Kara Keeling, Associate Professor in Cinema and Media Studies, is a scholar of African American film whose research explores race, gender, and sexuality in cinema and media, with a particular interest in black and queer cultural politics, digital technologies, and theoretical inquiry. She is the author of The Witch’s Flight: The Cinematic, the Black Femme and the Image of Common Sense (Duke, 2007) and the coeditor of Sound Clash: Listening to American Studies (Johns Hopkins, 2012) and Racist Traces and Other Writings: European Pedigrees / African Contagions (Palgrave Macmillan, 2003), a collection of work by James A. Snead. She most recently served on the faculty at the University of Southern California, and her PhD in critical and cultural studies is from the University of Pittsburgh.

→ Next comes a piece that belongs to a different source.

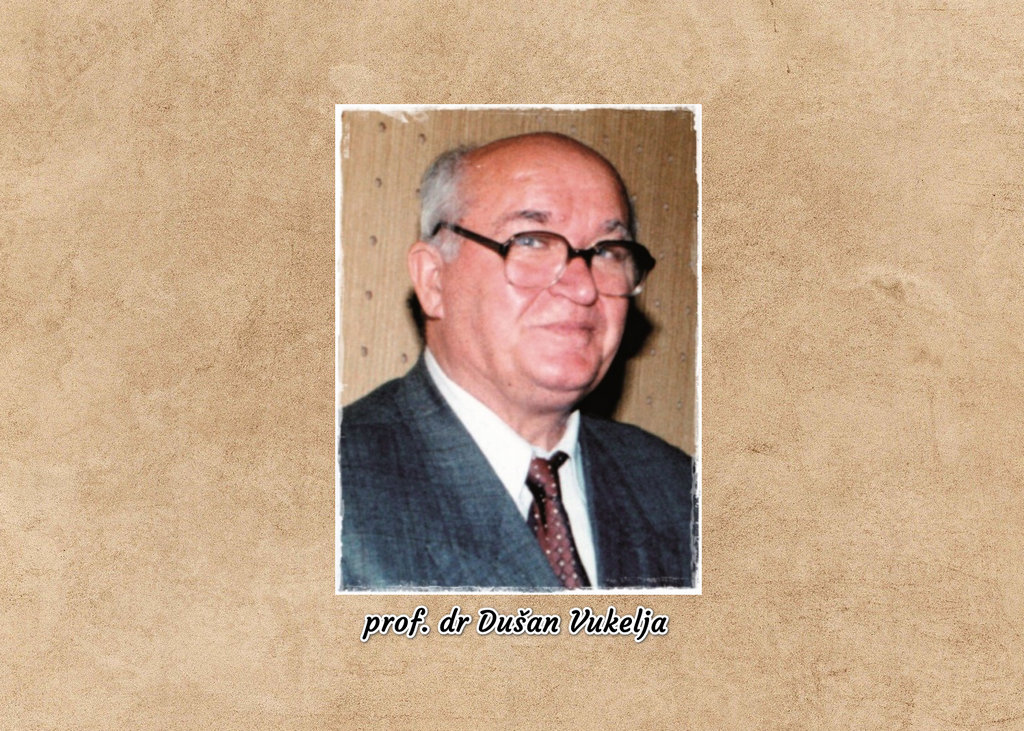 prof dr dusan vukelja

Keeling has held visiting professorships or fellowships at several institutions, including Brown University, Williams College, the Academy of Advanced African Studies at the University of Bayreuth in Germany, the Social Justice Research Action Fellowship Program and Center for Feminist Research at USC, and the University of North Carolina–Chapel Hill. She has also participated in the National Endowment for the Humanities summer institutes “Broadening the Digital Humanities” (in Los Angeles) and “African Cinema” (in Dakar, Senegal). In addition to her several journal articles, she has contributed chapters to the anthologies Strange Affinities: The Gender and Sexual Politics of Comparative Racialization (Duke, 2011), Black Queer Studies (Duke, 2005), and Sexual Rhetoric: Media Perspectives on Sexuality, Gender and Identity (Greenwood, 1999). Her next book, Queer Times, Black Futures, will be published with New York University Press in spring 2019, and she is coediting “From Third Cinema to Media Justice,” a multimedia digital humanities project.

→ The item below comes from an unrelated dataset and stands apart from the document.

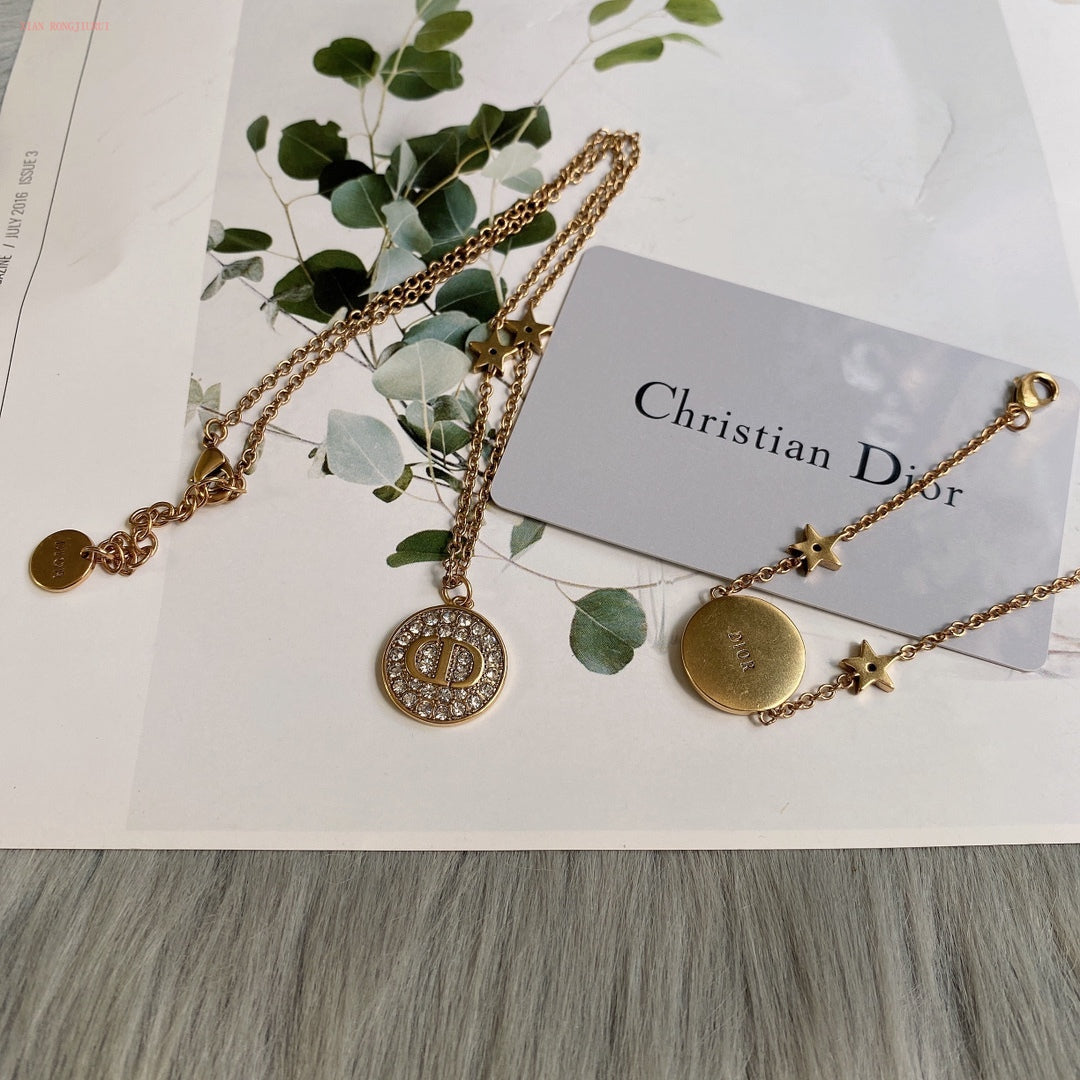 Christian Dior Necklace 022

Danielle Marion Roper is a Neubauer Family Assistant Professor in the Department of Romance Languages and Literatures and affiliate faculty of the Center for the Study of Race, Politics, and Culture. She received the Provost Career Enhancement Postdoctoral Scholarship at the University of Chicago after completing a Core Curriculum Postdoctoral Teaching Fellowship at New York University, where she graduated with a PhD from the Department of Spanish and Portuguese and an MA in Performance Studies. She received a BA in Hispanic Studies (cum laude) from Hamilton College. Roper is currently completing the manuscript for her first book, “Hemispheric Blackface: Impersonation and Multiculturalism in the Americas.”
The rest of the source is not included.